Bloomberg Embedding Challenge

welcome

What is this hot mess?

The basic goal of this challenge is to turn the challenge embeddings into actual words that makes sense. We are given sample articles along with their respective embeddings. We are also given sample code to calculate the similarity between two embeddings.

Welcome to the Kitchen!

We took the sample code and imported pandas to format the .csv files that were provided to us for testing. We first formatted the file reading of the challenge file and both ccn and fed samples to grab their embeddings. We then compared the two sample embeddings with the challenge embeddings. We decided to use cosine similarity and then sorted the output embeddings with the most similar in front. The following code is what we ended up with:

from scipy import spatial
import pandas as pd
import random 

## Cosine similarity.  
def similarity(a, b):
    return 1 - spatial.distance.cosine(a, b)

df = pd.read_csv('federal_samples.csv')
challenge = pd.read_csv('challenge.csv')
output = pd.DataFrame(columns=['challenge', 'sample', 'similarity'])

for i in range(len(challenge.index)):
    max = 0
    max_j = 0
    embd0 = [float(x) for x in challenge['embeddings'][i][1:-1].split(", ")]
    for j in range(len(df.index)):
        embd1 = [float(x) for x in df['embeddings'][j][1:-1].split(", ")]
        if(similarity(embd0, embd1) > max):
            max = similarity(embd0, embd1)
            max_j = j
        # print(f'Challenge: {i} to Sample: {j}     {similarity(embd0, embd1)}')
        output.loc[len(output.index)] = [i, j, similarity(embd0, embd1)]
    print(f'Max for #{i} is sample: {max_j} with {max}\ntext: {df["text"][max_j]}\n\n')

output = output.sort_values(by='challenge')
output = output.sort_values(by='similarity',ascending=False)
output.to_csv('out2.csv')

The idea is basically compare the challenge embedding with every embedding in the given sample and spitting out the samples with the highest similarity.

After getting the basic ideas of the topics behind each challenge, we summarized the embeddings of additional related articles that we find ourselves using the following edited api code:

import requests
import json
from scipy import spatial
import pandas as pd

def get_embedding(text, api_key):
    ## API Definitions
    url = "https://datathon.bindgapi.com/channel"
    headers =  {
        "X-API-Key": api_key,
        "Content-Type":"application/json"
    }
    body = { "inputs": text }
    ## API Call
    try:
        response = requests.post(url, data=json.dumps(body), headers=headers)
    except Exception:
        print(Exception)

    try:
        # return response 
        result = response.json()
        return json.loads(result['results'])
    except:
        print(response.status_code)

def similarity(a, b):
    return 1 - spatial.distance.cosine(a, b)

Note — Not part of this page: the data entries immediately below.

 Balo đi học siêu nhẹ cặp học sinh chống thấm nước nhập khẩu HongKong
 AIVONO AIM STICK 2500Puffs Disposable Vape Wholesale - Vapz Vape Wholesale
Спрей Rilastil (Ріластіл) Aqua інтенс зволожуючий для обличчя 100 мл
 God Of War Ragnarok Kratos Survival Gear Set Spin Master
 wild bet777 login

# Define your API key here 
API_KEY = "IJXH6TU5QL9BFnRJHCl8G99pKBFkTIMt6smwp0cU"
with open("api_input.txt") as f:
    TEXT = f.read()[:7500]

# Call the get_embedding function located in ./assets
embd1 = get_embedding(TEXT, API_KEY)

challenge = pd.read_csv('challenge.csv')
num = 0
embd0 = [float(x) for x in challenge['embeddings'][num][1:-1].split(", ")]
print(f'Challenge: {num}  {similarity(embd0, embd1)}')

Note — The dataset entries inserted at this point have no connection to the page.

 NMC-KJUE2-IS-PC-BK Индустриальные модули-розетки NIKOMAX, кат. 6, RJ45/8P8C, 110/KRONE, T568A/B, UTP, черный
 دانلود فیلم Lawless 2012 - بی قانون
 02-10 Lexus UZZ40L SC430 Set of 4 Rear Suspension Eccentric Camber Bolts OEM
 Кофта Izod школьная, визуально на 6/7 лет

Using this script, we find out which articles are closer to the topic of the challenges.

What got burned down

real life renactment of the datathon
During our similarity tests, we tried both cosine and euclidean and after comparing the results, we realized that cosine gave a much better result, so we stuck with cosine with the rest of the operations. As for the two samples that were given, the cnn sample was much more similar to the challenge embeddings than the fed samples, so we decided to only look at cnn samples for the result.

Results gathered

Our result prediction for the challenge problems are gathered by grabbing the top 2 most similar embeddings and comparing the words in their sample text.

Challenge 1 Prediction: Article about international traveling discounts between India and London. The top three embeddings all mention different countries and includes the word travel.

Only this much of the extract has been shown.